C. Best practices, guides, methodologies (e.g., for responsible AI acquisition; testing, evaluation, and continuous monitoring; data access and restrictions related to the appropriate control of Federal data; and applying modular contracting practices in the AI context); and 

D. Resources for assessing benefits and trade-offs between in-house AI development, contracted AI development, and licensing of AI-enabled software. 

It will be interesting to see who is first to start putting this language into their RFIs, RFPs, and RFQs.

Agencies are required by Section 3 of OMB Memorandum M-24-10 to maintain and annually update an AI use case inventory. Understanding when AI is being acquired is also a prerequisite to managing the risks and performance of AI systems and services. To help agencies identify the acquisition of AI covered by this memorandum, officials responsible for acquisition planning, requirements development, and proposal evaluation should: 

i. Communicate to the vendor, to the greatest extent practicable, whether the acquired AI system or service is intended to be used in a manner that could impact rights or safety. In cases where an agency intends to procure AI capacity without full awareness of potential future use cases, the agency should decide during acquisition planning whether or not to require that any awards support use cases involving rights-impacting or safety-impacting AI, and plan accordingly; 

ii. In cases where an agency’s solicitation does not explicitly ask for an AI system, consider requirements language asking vendors to report any proposed use of AI as part of their proposal submissions; 

iii. Require contractors to provide a notification to relevant agency stakeholders prior to the integration of new AI features or components into systems and services being delivered under contract.

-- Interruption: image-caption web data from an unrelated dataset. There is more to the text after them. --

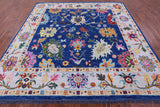Blue Square Turkish Oushak Hand Knotted Wool Rug - 9' 0" X 9' 2" - Golden Nile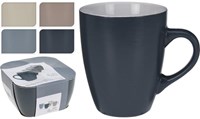 Excellent Houseware aardewerk bekerset multicolour 340 ml 4 stuks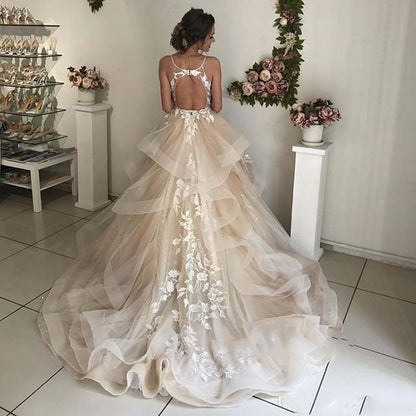 NumberSea - NumberSea Champagne Floral Lace Wedding Dresses Sexy Backless Ruffles Puffy Bridal Gowns Beach Wedding Gowns Vestido De Noiva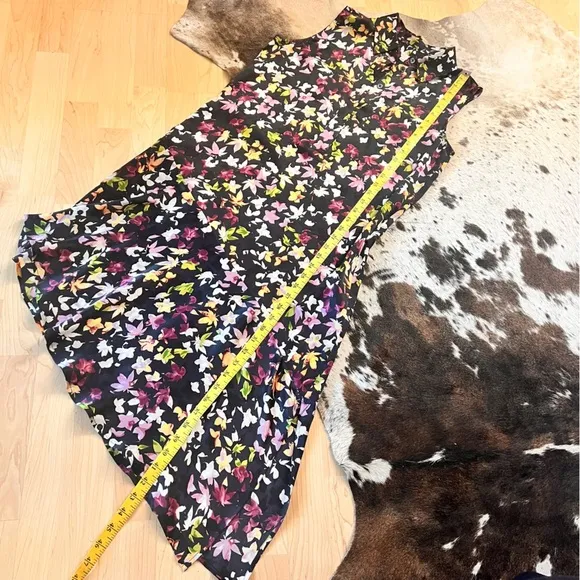EQUIPMENT Femme Tira Sleeveless Floral Print Silk Dress‎ Asymmetrical Hem Size S - Image 10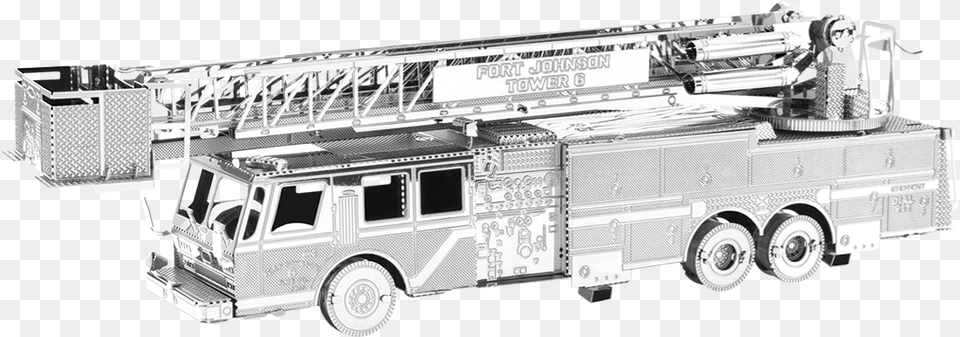 Metal Earth Fire Engine 3d Laser Cut 3d Metal Model Crane Truck, Transportation, Vehicle, Machine, Wheel Png
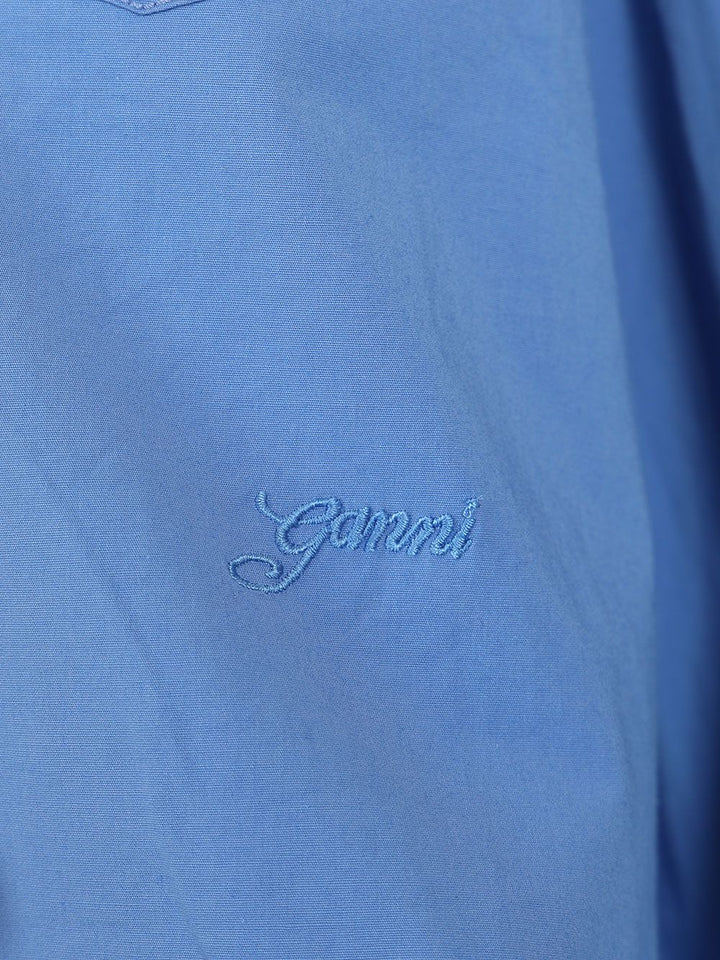 Ganni Cotton Shirt With Lace Details Shirts - Light blue | 9e67da01fbc9448c204055330b58cec836e9f7ab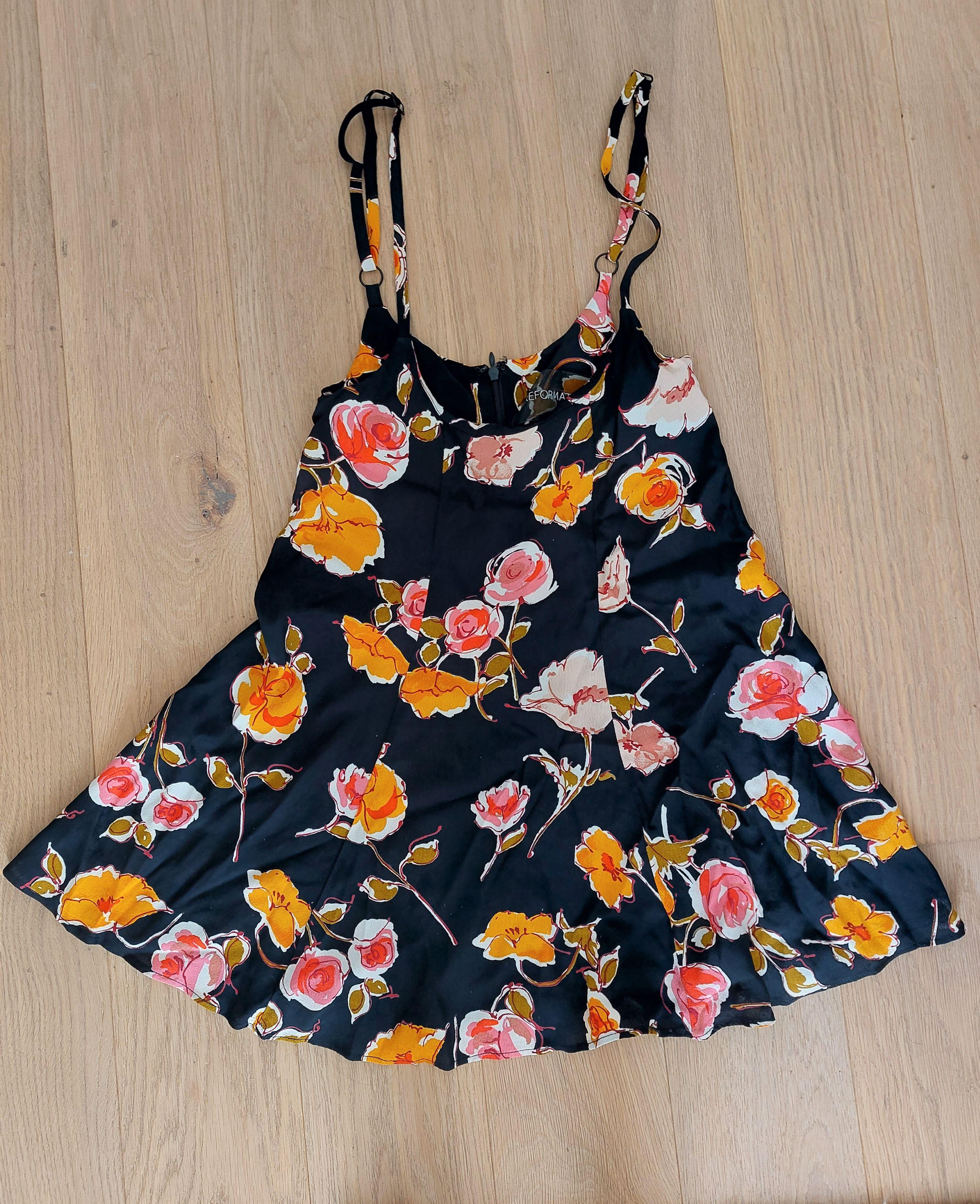 Black painterly floral crepe cami top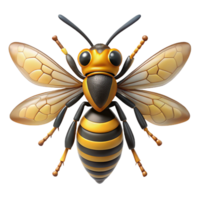 alluring inspireWasp with stripeabdomen, sharp stinger, detailewings, studio lighting, front view, isolateon transparent background,high-resolution product photography png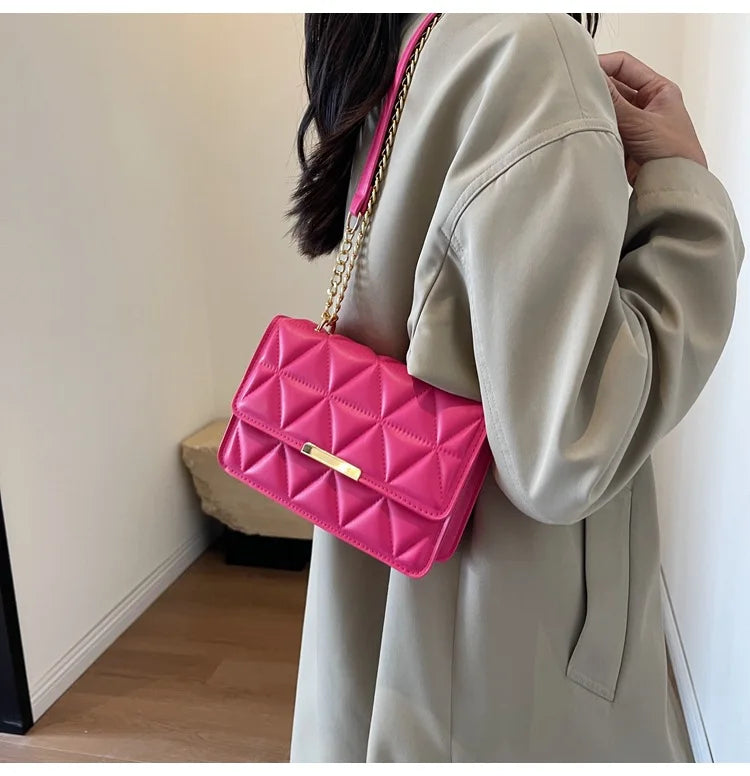 Women Quilted Chain Crossbody Bag Fashion Small Square Shoulder Purse Multi Color Casual Daily Handbag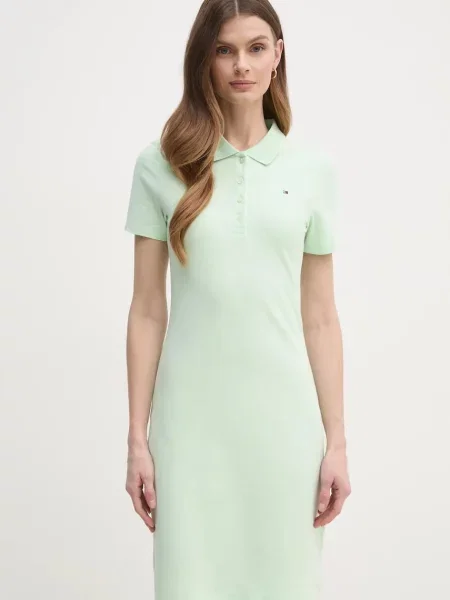 Рокля Tommy Hilfiger къса с кройка по тялото синьо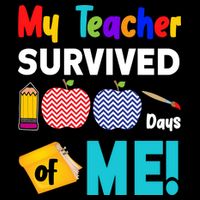My Teacher Survived 100 Days Of Me Drawstring Bag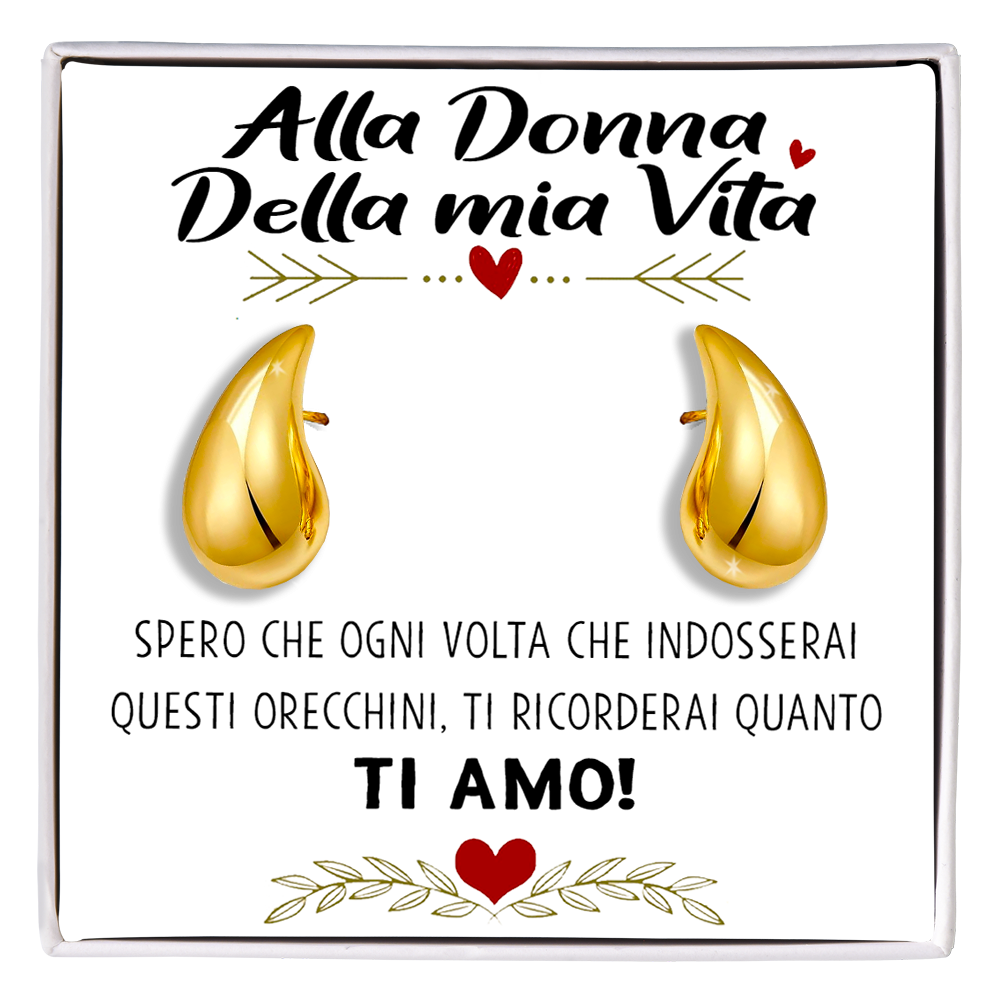 Orecchini a Goccia in Acciaio chirurgico - Alla donna della mia Vita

When notified, agencies should leverage their standard processes for determining whether risks from the use of AI are sufficiently managed, consistent with the requirements of OMB Memorandum M-24-10 and this memorandum, prior to accepting the contractor’s proposed integration. This includes cases where integration of new AI features or components could impact rights or safety; in such cases agencies must ensure compliance with all applicable requirements for use of such AI; and 

iv. Communicate with vendors to determine when AI is a primary feature or component in an acquired system or service. This should also include questions to the vendor to understand if AI is being used in the evaluation or performance of a contract that does not explicitly involve AI.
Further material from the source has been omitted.